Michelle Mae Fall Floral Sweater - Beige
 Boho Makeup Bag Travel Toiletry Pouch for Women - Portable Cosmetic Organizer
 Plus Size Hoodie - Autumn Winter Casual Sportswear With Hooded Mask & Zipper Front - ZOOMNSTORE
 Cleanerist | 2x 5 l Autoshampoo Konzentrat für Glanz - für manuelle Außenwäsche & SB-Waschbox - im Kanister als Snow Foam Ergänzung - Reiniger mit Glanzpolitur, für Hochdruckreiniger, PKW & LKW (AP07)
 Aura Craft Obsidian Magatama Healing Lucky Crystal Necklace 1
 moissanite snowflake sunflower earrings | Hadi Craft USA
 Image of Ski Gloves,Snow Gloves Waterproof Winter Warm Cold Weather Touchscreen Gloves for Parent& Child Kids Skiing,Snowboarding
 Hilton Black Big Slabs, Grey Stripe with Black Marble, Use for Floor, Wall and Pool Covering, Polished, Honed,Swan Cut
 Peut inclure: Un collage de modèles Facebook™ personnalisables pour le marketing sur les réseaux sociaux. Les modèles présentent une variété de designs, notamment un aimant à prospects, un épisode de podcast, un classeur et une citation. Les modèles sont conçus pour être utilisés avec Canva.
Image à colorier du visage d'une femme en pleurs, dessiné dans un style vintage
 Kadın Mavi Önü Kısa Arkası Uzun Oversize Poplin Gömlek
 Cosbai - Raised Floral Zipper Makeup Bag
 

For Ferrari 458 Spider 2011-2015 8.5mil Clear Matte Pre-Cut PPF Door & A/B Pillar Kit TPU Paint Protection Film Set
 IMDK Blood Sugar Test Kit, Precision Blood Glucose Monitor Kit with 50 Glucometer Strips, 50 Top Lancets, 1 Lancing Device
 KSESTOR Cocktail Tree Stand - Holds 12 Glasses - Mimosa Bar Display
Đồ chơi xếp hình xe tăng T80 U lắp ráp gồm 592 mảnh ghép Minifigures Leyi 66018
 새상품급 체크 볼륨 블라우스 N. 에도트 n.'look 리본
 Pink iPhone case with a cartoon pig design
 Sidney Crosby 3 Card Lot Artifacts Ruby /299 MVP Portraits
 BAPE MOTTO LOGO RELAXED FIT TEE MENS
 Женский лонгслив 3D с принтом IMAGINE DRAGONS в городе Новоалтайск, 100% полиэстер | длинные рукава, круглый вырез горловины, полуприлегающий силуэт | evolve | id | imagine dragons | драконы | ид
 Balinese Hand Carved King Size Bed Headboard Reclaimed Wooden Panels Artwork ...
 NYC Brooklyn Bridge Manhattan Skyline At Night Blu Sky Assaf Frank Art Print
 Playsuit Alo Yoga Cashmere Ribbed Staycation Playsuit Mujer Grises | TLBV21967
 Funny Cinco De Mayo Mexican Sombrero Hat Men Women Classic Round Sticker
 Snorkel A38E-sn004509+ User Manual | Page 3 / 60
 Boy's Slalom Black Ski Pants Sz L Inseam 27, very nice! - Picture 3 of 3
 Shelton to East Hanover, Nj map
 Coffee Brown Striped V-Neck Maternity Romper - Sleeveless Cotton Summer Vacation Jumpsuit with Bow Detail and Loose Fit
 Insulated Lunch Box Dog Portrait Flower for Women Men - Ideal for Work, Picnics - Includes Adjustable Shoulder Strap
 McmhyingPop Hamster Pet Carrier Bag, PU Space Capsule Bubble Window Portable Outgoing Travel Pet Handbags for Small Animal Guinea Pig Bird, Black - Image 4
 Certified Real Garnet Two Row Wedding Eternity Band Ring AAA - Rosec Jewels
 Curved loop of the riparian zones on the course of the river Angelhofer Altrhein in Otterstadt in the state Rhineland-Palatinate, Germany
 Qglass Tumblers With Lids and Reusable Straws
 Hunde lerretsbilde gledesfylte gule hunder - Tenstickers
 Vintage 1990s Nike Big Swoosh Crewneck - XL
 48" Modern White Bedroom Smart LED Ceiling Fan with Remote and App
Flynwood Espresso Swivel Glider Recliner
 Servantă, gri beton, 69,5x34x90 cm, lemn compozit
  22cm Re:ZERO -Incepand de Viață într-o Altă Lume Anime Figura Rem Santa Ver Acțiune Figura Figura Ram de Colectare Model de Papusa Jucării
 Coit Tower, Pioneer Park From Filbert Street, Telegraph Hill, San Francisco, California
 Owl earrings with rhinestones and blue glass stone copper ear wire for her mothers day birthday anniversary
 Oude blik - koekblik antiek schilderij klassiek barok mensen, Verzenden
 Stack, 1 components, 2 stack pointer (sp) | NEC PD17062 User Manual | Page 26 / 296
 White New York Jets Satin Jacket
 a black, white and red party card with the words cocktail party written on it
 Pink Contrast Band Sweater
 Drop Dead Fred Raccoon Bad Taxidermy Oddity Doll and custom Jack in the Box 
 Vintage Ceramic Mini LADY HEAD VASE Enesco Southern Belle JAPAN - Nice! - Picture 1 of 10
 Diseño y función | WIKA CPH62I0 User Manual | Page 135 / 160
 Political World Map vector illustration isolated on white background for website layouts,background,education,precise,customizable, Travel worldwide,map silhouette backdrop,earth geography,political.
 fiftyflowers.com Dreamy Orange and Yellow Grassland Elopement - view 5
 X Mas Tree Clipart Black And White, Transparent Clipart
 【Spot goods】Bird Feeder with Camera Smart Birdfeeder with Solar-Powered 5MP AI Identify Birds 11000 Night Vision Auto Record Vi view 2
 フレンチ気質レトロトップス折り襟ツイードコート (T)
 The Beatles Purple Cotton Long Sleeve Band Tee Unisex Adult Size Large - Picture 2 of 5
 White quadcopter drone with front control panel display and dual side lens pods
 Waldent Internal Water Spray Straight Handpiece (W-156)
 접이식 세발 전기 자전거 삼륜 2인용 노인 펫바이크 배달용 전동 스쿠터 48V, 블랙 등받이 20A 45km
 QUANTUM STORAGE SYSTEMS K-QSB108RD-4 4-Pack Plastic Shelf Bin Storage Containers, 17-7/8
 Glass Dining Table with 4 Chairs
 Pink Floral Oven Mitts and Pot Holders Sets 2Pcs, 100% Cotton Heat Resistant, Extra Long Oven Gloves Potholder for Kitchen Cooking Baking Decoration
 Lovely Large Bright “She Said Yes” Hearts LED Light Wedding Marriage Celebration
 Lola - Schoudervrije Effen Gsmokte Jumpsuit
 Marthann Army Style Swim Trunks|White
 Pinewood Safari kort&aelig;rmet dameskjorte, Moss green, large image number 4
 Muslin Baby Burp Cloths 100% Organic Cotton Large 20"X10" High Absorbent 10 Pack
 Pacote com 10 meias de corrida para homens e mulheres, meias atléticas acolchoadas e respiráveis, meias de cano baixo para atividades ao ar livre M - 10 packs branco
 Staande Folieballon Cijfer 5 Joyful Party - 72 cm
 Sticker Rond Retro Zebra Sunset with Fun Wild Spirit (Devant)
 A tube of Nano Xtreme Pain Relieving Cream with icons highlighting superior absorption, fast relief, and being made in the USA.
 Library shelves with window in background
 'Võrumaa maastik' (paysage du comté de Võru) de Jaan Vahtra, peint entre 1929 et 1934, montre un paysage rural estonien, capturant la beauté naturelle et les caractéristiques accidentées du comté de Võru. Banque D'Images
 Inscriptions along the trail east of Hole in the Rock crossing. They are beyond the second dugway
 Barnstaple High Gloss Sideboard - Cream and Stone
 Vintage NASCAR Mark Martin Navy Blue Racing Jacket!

.....

TASK ▸
Look at the material above and copy, word for word, its lines from the first through the one containing "Plus Size Hoodie".

SOLUTION ▸
Michelle Mae Fall Floral Sweater - Beige
 Boho Makeup Bag Travel Toiletry Pouch for Women - Portable Cosmetic Organizer
 Plus Size Hoodie - Autumn Winter Casual Sportswear With Hooded Mask & Zipper Front - ZOOMNSTORE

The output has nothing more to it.